__SUPPLIED INFORMATION__:
:::
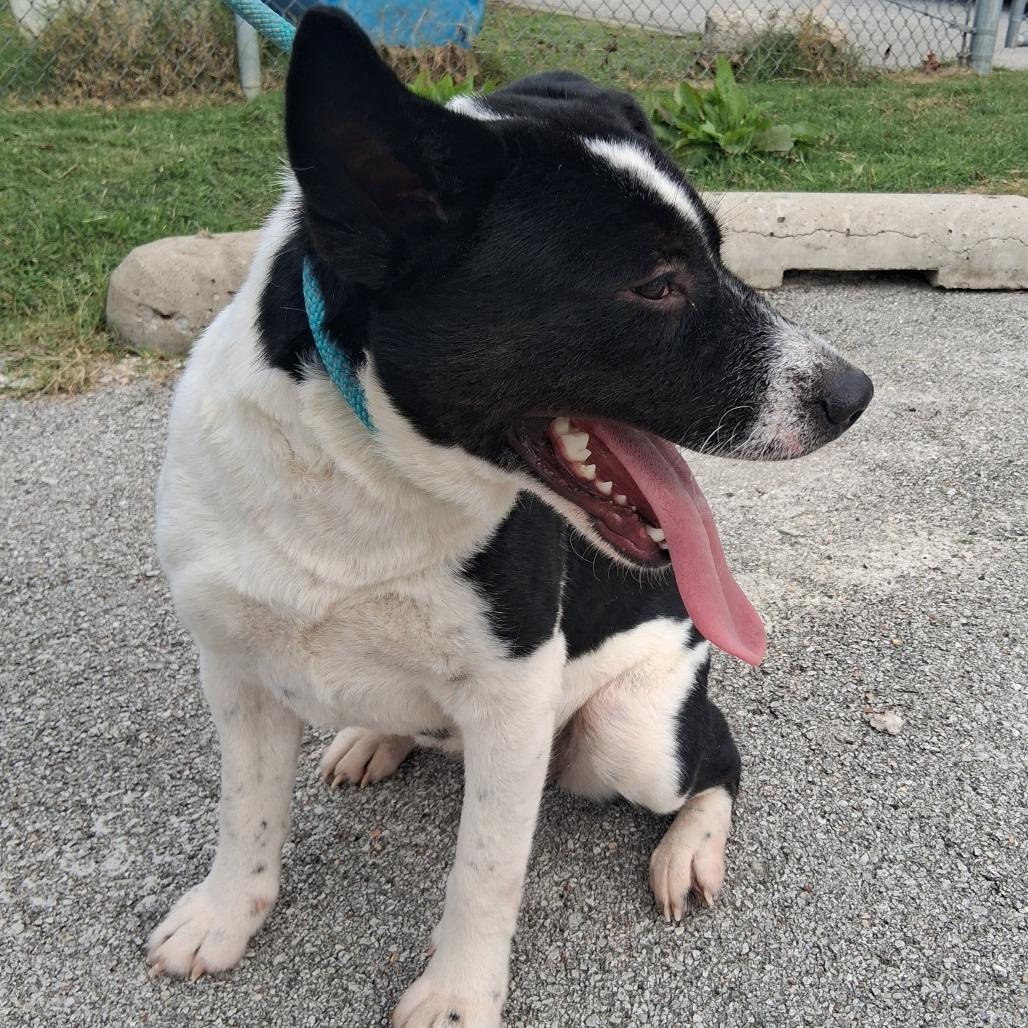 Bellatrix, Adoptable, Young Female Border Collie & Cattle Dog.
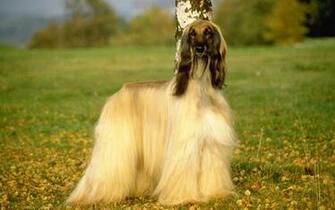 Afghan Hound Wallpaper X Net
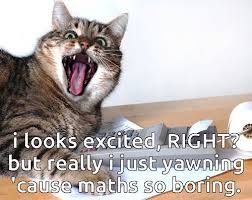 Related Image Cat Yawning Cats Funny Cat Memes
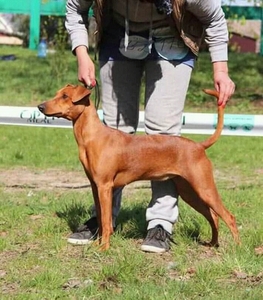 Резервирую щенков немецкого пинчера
:::
__PROBLEM STATEMENT__: Copy the material exactly as written and leave every picture behind.

__SOLUTION TO THE PROBLEM__:
 Bellatrix, Adoptable, Young Female Border Collie & Cattle Dog.
 Afghan Hound Wallpaper X Net
 Related Image Cat Yawning Cats Funny Cat Memes
 Резервирую щенков немецкого пинчера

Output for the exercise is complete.